Il giudice del riesame respinge l’appello dei pm Monferini e Tei sull’estromissione di Nodavia dai lavori per la Tav fiorentina nonostante un’inchiesta abbia portato ad arresti eccellenti e all’accertamento di reati come lo smaltimento illegale di rifiuti, truffa e associazione a delinquere.
Oggi il giudice ci dice che è tutto a posto, che Nodavia, ora che ha visto finire in carcere i suoi dirigenti, è l’azienda giusta a dirigere il cantiere Tav di Firenze. Adesso sì che ci sentiamo in una botte di ferro.
Tra le motivazioni che hanno portato a tale decisione c’è che in Nodavia, consorzio di aziende che si è aggiudicato i lavori, non sarebbe più presente Coopsette che nel frattempo ha pensato bene di vendere parte delle quote a Società Condotte dell’acqua SpA, trattenendo solo una minoranza di partecipazione azionaria.
E qui sta la contraddizione: per legge Coopsette deve restare un socio di minoranza del consorzio pena l’azzeramento della gara ma, contemporaneamente, è sempre la legge che ci dice di stare tranquilli perché l’inquisita Coopsette ormai non c’è più. Delle due, l’una!

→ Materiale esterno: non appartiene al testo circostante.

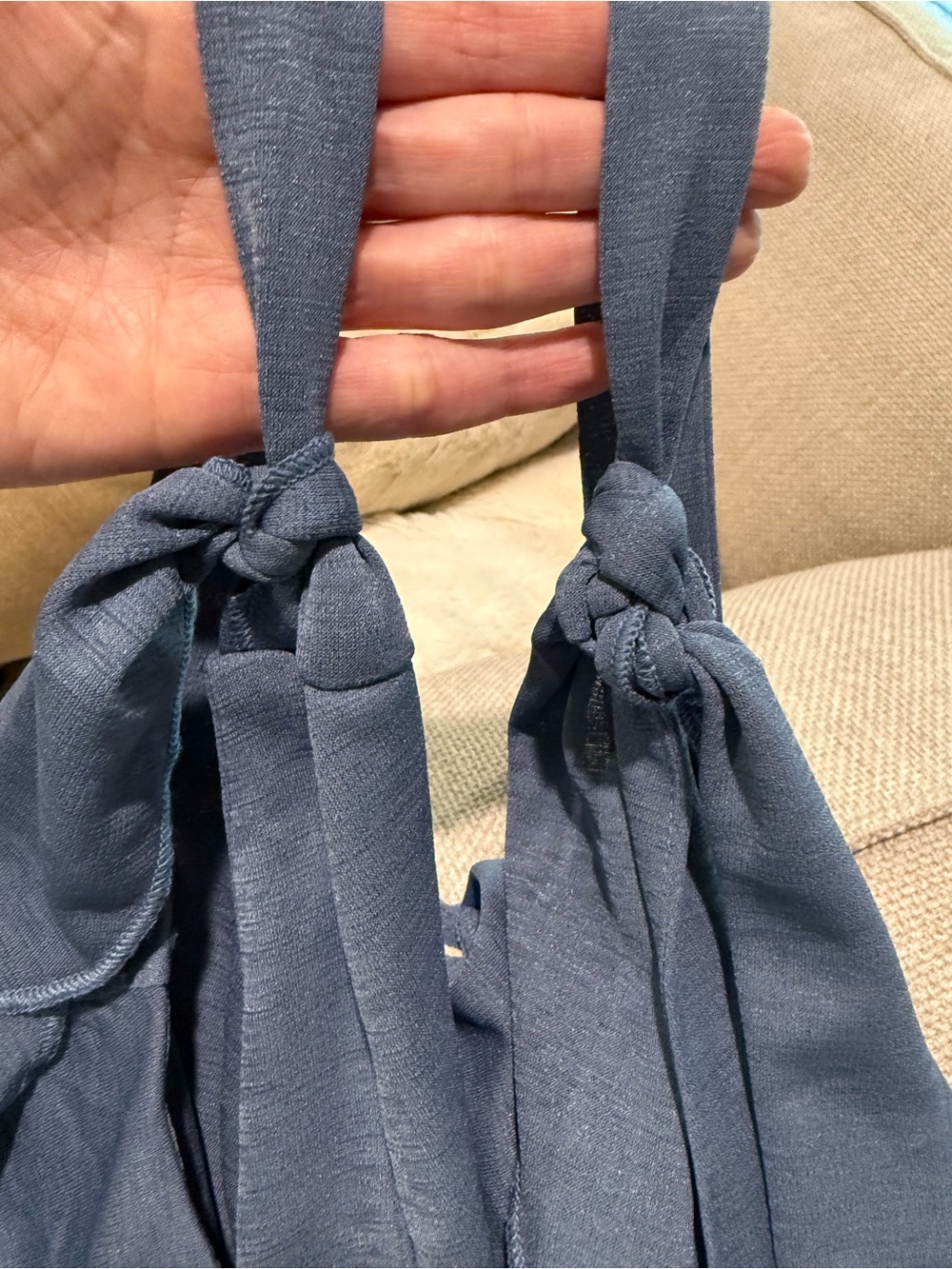 Joyfolie Mia Joy Naomi Dress in size Small, Slate Blue Popover style Boho - Picture 8 of 8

Basta una cessione di quote e accordi tra aziende private per eludere la normativa sugli appalti e quindi l’inadeguatezza di un’azienda a portare avanti i lavori? Che senso ha fare delle gare pubbliche con l’obbligo di presentare una nutrita certificazione di “credibilità”? Altre ditte potrebbero sollevare il dubbio che sia venuta a mancare la corretta competizione e la libera concorrenza. Tanto più che il suddetto appalto fu vinto sulla base di una cifra che oggi è già raddoppiata.
Non sussiste più nemmeno una delle condizioni iniziali eppure l’appalto non viene messo in discussione. Il tutto, proclami a favor di telecamera a parte, con la totale complicità della Politica.
Alla Magistratura invece chiedo di chiarirmi le idee: quando un’Azienda merita l’estromissione da un appalto? E quando invece i reati sono imputabili solo alla responsabilità dei singoli? Nel caso specifico se non esistono gli estremi per sciogliere Coopsette, che di fatto dunque non è imputabile, perché allora il giudice fonda la sua decisione sull’ irrilevanza decisionale di Coopsette in termini di presenza societaria?”